A ce stade, on pourrait croire que Job – comme une personne en situation de « syndrome post-traumatique » – aurait envie, à bout de souffle, de se conformer à la pression de son entourage, se couler dans le moule du « tu as tort, c’est de ta faute, tu t’es trompé ! ». Pour essayer de souffrir un peu moins.
Mais non ! – Sa protestation, qui est aussi le signe qu’il a perdu, le signe que les autres sont plus forts : qu’on l’écrive en encre indélébile, qu’on la taille dans le roc ! Pas pour prouver, plus tard, que ce qu’il a dit était vrai. Pour prouver qu’il l’a vraiment dit. Qu’il n’était pas fou.

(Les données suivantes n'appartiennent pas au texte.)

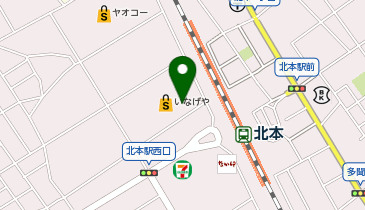 ダイソーいなげや北本駅前店の地図画像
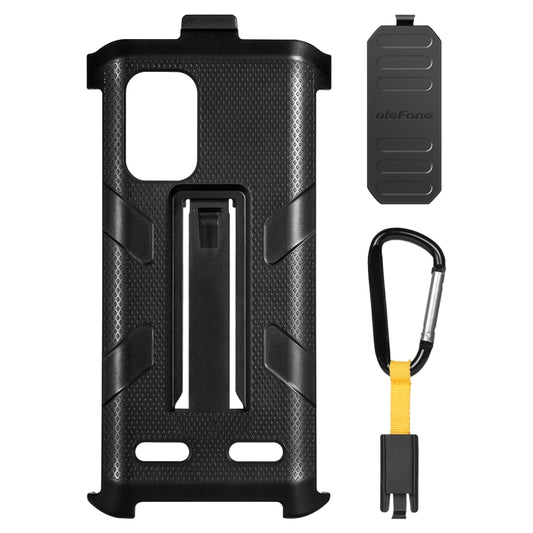 For Ulefone Armor X10 Pro Ulefone Back Clip Phone Case with Carabiner(Black) - Ulefone Cases by Ulefone | Online Shopping UK | buy2fix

Ecrire pour faire durer ce cri et cette folie, qui réclament le droit d’être reconnus comme raisonnables : c’est le pari de l’incroyable poète, ou des poètes, qui ont ciselé le texte du livre de Job. C’est aussi fou, ou aussi raisonnable, que de dire : « Je sais que mon rédempteur est vivant. » Quelqu’un me défendra.
Mon Rédempteur est vivant, quelque part très loin. Qu’il me protège, et qu’il protège en moi ce désespoir et cet espoir, ces minuscules flammes qui tremblent en moi.